As he was preparing to face Clottey he sprained his ankle in training and it was feared the fight with Clottey would have to be postponed. Margarito was crestfallen that an opportunity to showcase himself might again be out the proverbial window. "When I twisted the ankle, my first reaction was, Oh, no! My fight is gone. But I stayed off it for three straight days. It was pretty swollen that first day, but after icing it for three days the swelling went way down. Now, you can hardly tell that I had hurt it all."

Bob Arum has done what he can to get Margarito where he needs to be and to sell him the public. Margarito's previous five fights have been broadcast on HBO, ESPN, and pay-per-view.

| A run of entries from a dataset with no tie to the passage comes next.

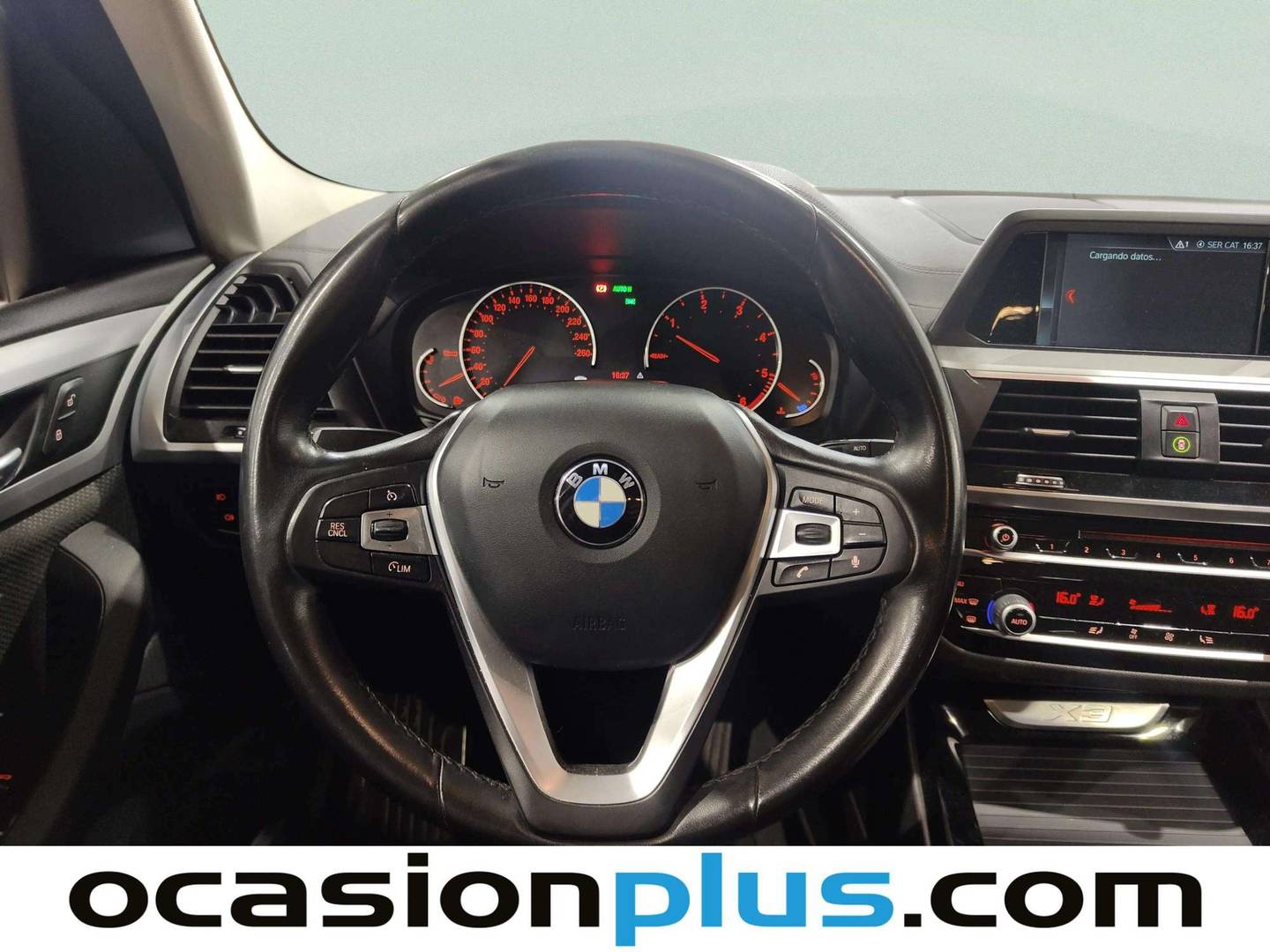 BMW X3 BMW X3 xDrive20d (190 CV) 2019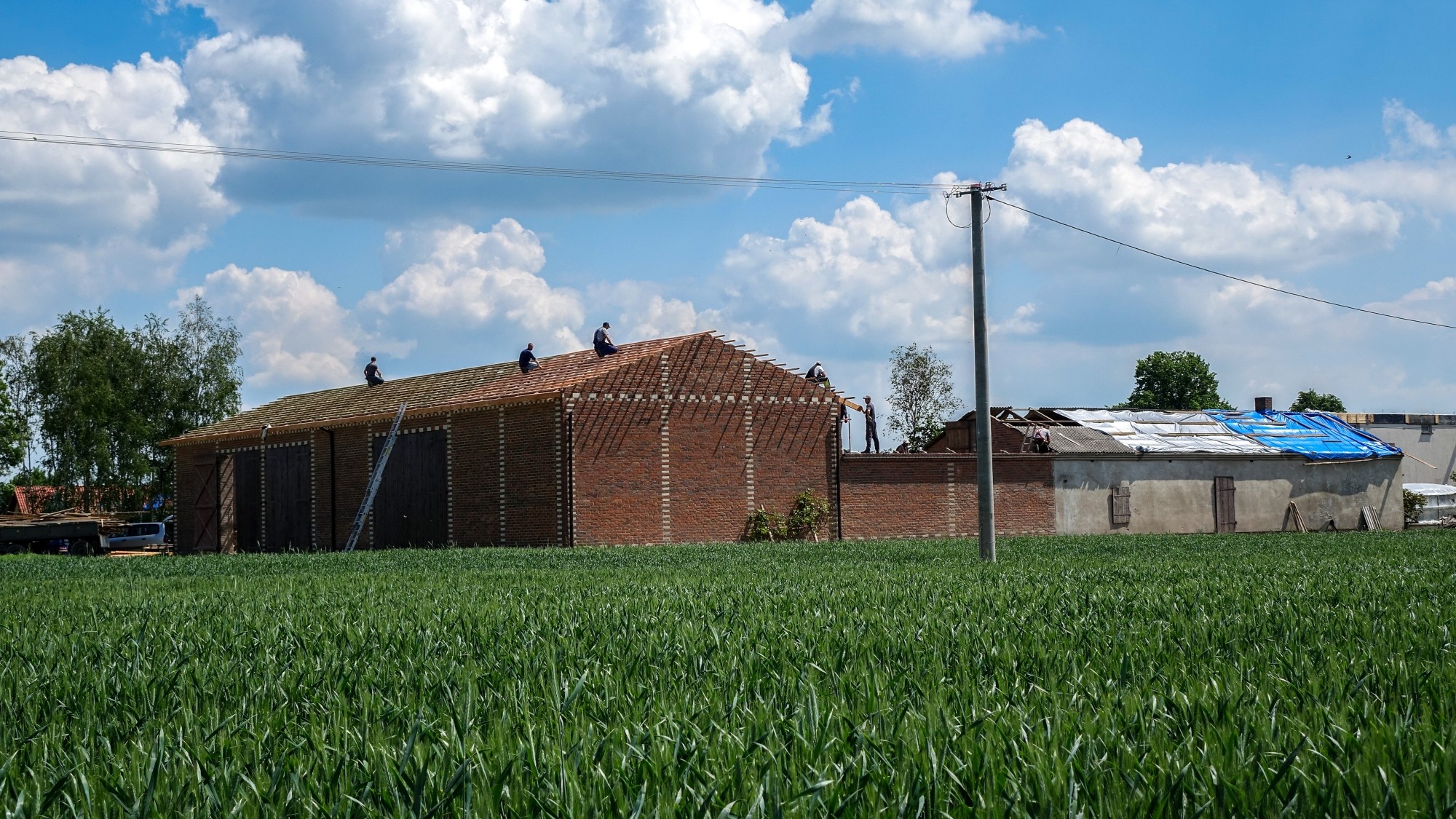 Tornado na Lubelszczyźnie - zdjęcie 22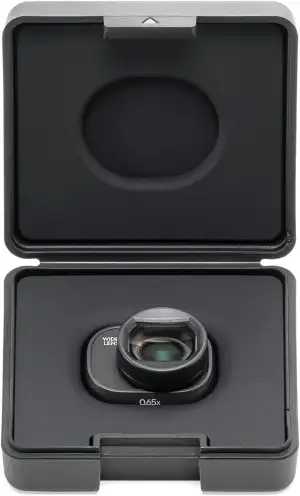 DJI Mini 4 Pro Weitwinkelobjektiv
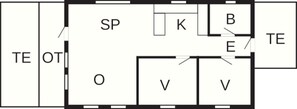 Ev | Kat planı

The Clottey fight will be broadcast on Showtime so Margarito has the rare ability to say that he has appeared on both premium cable networks as well as ESPN and pay-per-view within the last few years.

The epitome of determination and perseverance, Margarito had this to say about facing Clottey, "I'm looking forward to defending my title on Showtime. Clottey is tough and comes right at you. I am giving him the opportunity of a lifetime so you know it is going to be a great fight - for as long as it lasts. My weight is perfect. I will be more than 100 percent ready to go. There is no way I will look past Clottey. It is frustrating when you cannot get the kinds of fights you want. But I am done worrying about it. The fights will come."

In a strange twist of fate that day in Las Vegas, Antonio Margarito and I were in the same airport terminal waiting for the same plane to take us home. Margarito spent his time quietly reading through a boxing magazine. I wondered what was going through his mind as he sat there with the rest of us. He was the only one in the room who was a boxing champion, but he was as anonymous as a name in a phone book. Nobody asked for his picture or even an autograph.

So do Antonio Margarito this one favor - meet him in Atlantic City because he's going to rumble out on the promenade.